*** RECORDS TO PROCESS Section Begins ***
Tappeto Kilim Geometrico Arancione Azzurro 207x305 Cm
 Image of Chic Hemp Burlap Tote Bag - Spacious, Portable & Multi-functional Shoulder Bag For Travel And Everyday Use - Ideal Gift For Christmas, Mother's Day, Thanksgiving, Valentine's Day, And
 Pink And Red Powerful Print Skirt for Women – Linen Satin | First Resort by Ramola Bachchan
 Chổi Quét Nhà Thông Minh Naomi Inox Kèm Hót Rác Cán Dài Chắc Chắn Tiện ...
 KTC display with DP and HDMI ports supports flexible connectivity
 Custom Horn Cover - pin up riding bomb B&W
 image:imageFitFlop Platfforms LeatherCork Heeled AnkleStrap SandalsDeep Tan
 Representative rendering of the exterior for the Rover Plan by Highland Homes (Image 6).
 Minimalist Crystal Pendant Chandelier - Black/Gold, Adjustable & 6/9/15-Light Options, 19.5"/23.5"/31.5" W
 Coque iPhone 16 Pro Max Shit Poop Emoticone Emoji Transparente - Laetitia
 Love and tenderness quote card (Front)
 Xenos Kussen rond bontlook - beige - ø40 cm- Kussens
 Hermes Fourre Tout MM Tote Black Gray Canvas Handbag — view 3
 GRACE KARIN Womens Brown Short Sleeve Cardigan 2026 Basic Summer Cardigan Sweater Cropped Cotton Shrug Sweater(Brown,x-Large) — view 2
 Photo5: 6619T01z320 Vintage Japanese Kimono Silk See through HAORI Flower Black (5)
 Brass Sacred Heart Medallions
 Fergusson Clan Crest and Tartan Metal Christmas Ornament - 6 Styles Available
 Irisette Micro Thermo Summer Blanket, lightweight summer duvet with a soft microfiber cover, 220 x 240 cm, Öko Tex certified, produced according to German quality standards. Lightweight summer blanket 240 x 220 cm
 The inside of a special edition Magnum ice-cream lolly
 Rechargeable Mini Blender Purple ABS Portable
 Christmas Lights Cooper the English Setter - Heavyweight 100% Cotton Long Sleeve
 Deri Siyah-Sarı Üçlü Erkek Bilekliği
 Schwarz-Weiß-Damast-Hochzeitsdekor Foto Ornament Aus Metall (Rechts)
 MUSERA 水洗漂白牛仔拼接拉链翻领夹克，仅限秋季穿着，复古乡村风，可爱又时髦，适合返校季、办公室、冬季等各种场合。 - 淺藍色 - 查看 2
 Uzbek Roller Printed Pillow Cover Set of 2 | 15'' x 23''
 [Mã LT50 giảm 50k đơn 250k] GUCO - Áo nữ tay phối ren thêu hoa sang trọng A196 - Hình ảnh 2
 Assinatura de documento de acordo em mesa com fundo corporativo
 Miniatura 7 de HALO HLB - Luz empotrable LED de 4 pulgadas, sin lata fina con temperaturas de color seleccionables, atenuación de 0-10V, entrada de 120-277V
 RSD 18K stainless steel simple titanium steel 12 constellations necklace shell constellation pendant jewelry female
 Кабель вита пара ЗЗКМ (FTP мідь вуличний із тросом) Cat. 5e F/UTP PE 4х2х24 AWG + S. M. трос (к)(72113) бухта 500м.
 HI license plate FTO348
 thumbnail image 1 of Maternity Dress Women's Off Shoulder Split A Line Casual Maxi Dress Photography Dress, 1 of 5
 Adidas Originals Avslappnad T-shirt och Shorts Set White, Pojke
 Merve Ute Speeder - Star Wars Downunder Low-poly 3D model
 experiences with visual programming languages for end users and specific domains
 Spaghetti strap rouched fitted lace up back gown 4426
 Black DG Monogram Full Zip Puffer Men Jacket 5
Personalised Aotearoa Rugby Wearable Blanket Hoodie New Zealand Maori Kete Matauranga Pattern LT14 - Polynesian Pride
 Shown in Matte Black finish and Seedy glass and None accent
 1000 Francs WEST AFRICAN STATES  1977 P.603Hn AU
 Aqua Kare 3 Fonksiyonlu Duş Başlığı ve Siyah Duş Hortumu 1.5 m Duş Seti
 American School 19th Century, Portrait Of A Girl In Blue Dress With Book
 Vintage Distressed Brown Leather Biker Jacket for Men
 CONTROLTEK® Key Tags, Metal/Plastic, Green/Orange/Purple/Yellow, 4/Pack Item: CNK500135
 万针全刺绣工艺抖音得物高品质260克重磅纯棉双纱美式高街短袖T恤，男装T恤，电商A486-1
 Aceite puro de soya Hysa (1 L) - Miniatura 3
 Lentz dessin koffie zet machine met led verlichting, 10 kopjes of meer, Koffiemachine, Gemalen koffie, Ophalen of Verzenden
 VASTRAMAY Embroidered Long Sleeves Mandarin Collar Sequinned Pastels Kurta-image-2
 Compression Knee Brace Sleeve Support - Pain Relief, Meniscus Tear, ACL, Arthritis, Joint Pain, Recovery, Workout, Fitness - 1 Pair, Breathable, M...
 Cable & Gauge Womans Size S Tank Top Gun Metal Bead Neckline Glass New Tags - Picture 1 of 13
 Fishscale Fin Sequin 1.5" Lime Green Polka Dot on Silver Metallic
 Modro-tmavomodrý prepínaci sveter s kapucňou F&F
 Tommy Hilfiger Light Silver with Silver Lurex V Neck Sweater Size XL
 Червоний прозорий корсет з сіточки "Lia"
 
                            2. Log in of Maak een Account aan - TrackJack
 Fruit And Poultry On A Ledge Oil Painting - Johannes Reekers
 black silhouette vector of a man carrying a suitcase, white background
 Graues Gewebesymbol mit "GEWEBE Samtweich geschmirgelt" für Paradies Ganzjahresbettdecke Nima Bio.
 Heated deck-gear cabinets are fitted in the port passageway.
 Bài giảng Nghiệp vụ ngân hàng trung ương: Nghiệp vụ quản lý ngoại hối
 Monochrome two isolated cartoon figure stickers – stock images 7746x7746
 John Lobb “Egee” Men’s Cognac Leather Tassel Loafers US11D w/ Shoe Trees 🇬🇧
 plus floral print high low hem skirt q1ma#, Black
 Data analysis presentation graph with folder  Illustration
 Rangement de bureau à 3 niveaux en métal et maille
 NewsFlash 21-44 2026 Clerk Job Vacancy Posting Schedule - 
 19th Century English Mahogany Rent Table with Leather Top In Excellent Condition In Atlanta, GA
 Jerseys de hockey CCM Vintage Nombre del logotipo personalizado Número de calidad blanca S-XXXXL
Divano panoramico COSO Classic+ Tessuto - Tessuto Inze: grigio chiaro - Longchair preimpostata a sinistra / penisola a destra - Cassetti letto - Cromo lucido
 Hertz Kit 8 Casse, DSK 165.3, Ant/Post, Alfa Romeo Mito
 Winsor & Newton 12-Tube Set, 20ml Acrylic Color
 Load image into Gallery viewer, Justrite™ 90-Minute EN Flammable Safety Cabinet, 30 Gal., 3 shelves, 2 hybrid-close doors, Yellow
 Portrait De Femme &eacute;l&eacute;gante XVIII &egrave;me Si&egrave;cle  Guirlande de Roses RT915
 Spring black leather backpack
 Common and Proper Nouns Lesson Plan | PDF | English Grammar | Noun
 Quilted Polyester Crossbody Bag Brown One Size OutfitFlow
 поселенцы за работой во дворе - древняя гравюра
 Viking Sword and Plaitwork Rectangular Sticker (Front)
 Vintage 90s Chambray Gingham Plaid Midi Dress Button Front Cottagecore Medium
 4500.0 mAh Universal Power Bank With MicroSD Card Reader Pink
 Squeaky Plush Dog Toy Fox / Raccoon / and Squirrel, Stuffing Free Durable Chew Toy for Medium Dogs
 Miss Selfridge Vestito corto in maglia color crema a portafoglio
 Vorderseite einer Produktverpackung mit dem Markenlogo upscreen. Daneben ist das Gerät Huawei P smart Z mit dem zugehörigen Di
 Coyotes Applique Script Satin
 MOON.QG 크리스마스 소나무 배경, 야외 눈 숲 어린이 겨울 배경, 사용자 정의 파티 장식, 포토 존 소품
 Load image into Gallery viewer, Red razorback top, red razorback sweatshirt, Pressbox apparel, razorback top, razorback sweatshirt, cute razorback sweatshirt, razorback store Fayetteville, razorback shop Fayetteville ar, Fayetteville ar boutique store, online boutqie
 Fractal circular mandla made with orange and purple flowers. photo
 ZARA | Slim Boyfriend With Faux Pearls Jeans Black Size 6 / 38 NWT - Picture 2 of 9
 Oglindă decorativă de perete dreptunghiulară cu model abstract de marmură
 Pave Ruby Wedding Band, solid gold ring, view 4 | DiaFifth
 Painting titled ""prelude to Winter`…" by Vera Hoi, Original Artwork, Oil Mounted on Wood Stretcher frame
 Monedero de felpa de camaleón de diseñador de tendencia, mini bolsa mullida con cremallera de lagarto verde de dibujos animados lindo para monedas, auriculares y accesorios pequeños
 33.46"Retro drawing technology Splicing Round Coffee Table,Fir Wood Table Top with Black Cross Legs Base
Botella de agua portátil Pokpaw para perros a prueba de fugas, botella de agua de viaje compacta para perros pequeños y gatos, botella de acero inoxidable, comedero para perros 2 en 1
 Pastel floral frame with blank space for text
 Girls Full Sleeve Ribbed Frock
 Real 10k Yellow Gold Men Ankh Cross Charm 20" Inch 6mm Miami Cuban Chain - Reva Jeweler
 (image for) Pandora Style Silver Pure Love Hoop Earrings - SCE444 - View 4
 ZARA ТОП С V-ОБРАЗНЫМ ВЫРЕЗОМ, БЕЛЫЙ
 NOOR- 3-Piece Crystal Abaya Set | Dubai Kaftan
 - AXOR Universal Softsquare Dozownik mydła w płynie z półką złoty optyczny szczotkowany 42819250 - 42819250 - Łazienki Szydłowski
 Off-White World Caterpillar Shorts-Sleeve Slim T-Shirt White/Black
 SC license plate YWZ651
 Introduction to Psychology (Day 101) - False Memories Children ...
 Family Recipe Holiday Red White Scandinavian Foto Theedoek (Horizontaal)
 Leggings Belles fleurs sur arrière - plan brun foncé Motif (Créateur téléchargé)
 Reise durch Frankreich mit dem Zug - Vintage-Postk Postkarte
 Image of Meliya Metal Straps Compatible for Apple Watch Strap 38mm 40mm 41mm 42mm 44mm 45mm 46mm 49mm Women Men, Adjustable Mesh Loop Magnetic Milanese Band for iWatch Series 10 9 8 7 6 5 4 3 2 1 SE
*** RECORDS TO PROCESS Section Ends ***
TO DO
From the opening line of the data above, please print each line as written up to and including the line that contains "GRACE KARIN Womens", and nothing more.

WRITTEN SOLUTION
Tappeto Kilim Geometrico Arancione Azzurro 207x305 Cm
 Image of Chic Hemp Burlap Tote Bag - Spacious, Portable & Multi-functional Shoulder Bag For Travel And Everyday Use - Ideal Gift For Christmas, Mother's Day, Thanksgiving, Valentine's Day, And
 Pink And Red Powerful Print Skirt for Women – Linen Satin | First Resort by Ramola Bachchan
 Chổi Quét Nhà Thông Minh Naomi Inox Kèm Hót Rác Cán Dài Chắc Chắn Tiện ...
 KTC display with DP and HDMI ports supports flexible connectivity
 Custom Horn Cover - pin up riding bomb B&W
 image:imageFitFlop Platfforms LeatherCork Heeled AnkleStrap SandalsDeep Tan
 Representative rendering of the exterior for the Rover Plan by Highland Homes (Image 6).
 Minimalist Crystal Pendant Chandelier - Black/Gold, Adjustable & 6/9/15-Light Options, 19.5"/23.5"/31.5" W
 Coque iPhone 16 Pro Max Shit Poop Emoticone Emoji Transparente - Laetitia
 Love and tenderness quote card (Front)
 Xenos Kussen rond bontlook - beige - ø40 cm- Kussens
 Hermes Fourre Tout MM Tote Black Gray Canvas Handbag — view 3
 GRACE KARIN Womens Brown Short Sleeve Cardigan 2026 Basic Summer Cardigan Sweater Cropped Cotton Shrug Sweater(Brown,x-Large) — view 2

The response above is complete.